The United States entered into more than 500 treaties with tribes between 1778 to 1871, when Congress ended treaty making with tribes.  Many more agreements were made after 1871, that recognized tribal sovereignty, such as the 1905 Agreement with the Turtle Mountain Band of Chippewa, which took 10 million acres of land for one million dollars.  I have always known it as the “Ten Cent Treaty” so named because of the unconscionable undervaluing of the land.  

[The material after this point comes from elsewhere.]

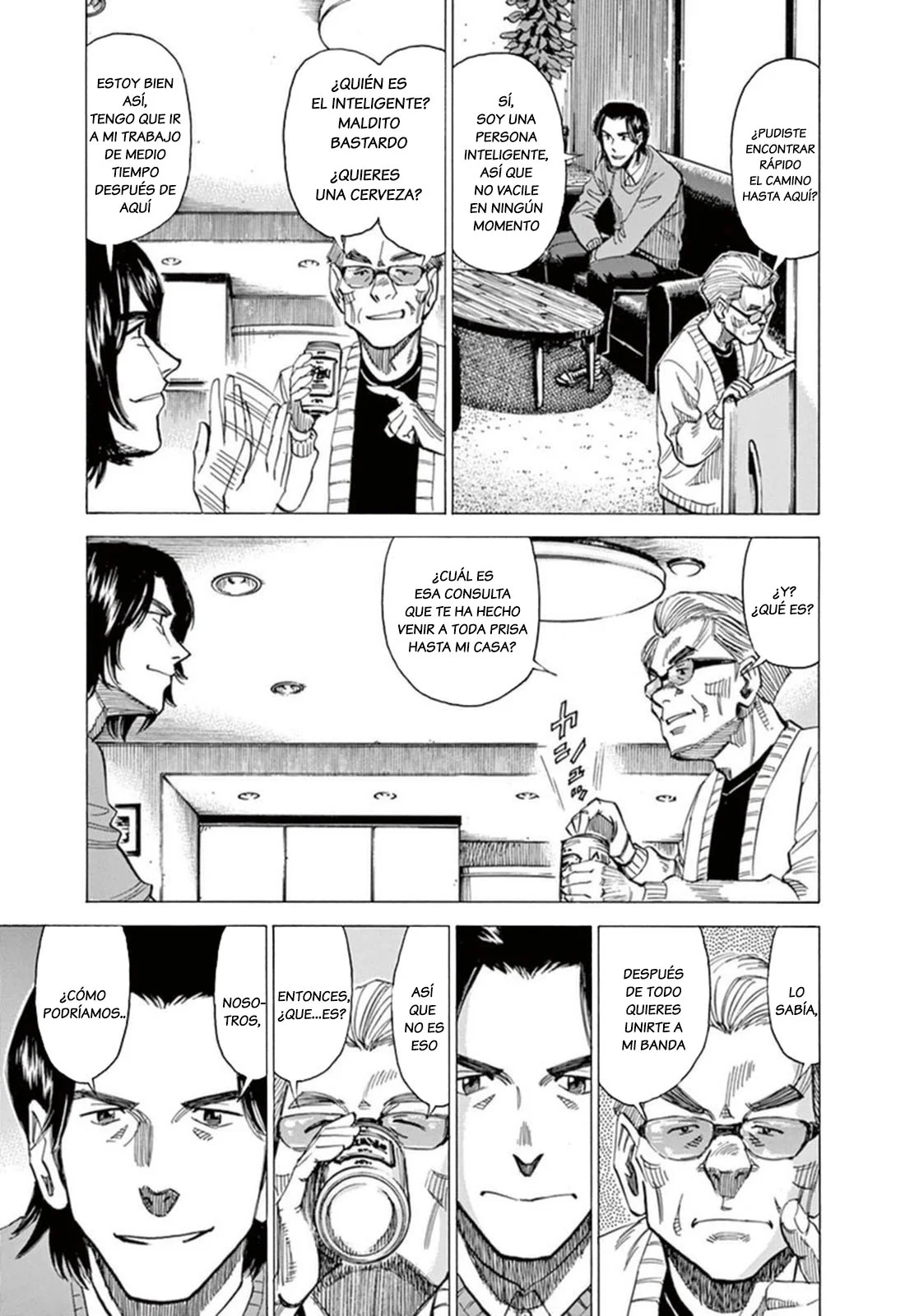 Read Blue Giant ES Manga Online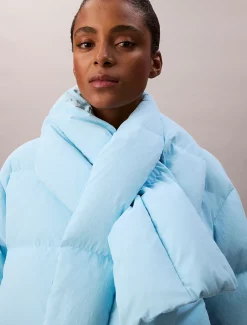 Calvin Klein Kurze Daunen-Steppjacke^Damen Stepp Jacken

Treaties are recognized in the United States Constitution as the “supreme law of the land.” Article VI, sec. 2 Supremacy Clause.  The Constitution also gives Congress exclusive power to regulate commerce with foreign nations, the states, and with Indian Tribes.  Article 1, sec. 8, clause 3.  The United States broke every treaty it entered into with tribes. For easy access, a substantial though incomplete list of treaties and agreements with Indian tribes can be found at: List of United States Treaties

Limitations on Tribal Sovereignty

In a series of early cases, the United States Supreme Court set down certain Indian law principles which began the process of limiting and defining tribal authority to govern their territory and those within it.  For example: (1) under the Doctrine of Discovery, tribes have the right to use and occupy their lands, but the United States holds legal and beneficial title and the right to possession when the Indians give up their use and occupancy, Johnson v. M’Intosh(1823); (2) tribes are “domestic dependent nations… in a state of pupilage” and their “relation to the United States is that of a ward to his guardian,” Cherokee Nation v. Georgia (1831); and (3) “Indian nations are distinct political communities, having territorial boundaries, within which their authority is exclusive….” Worcester v. Georgia  (1832)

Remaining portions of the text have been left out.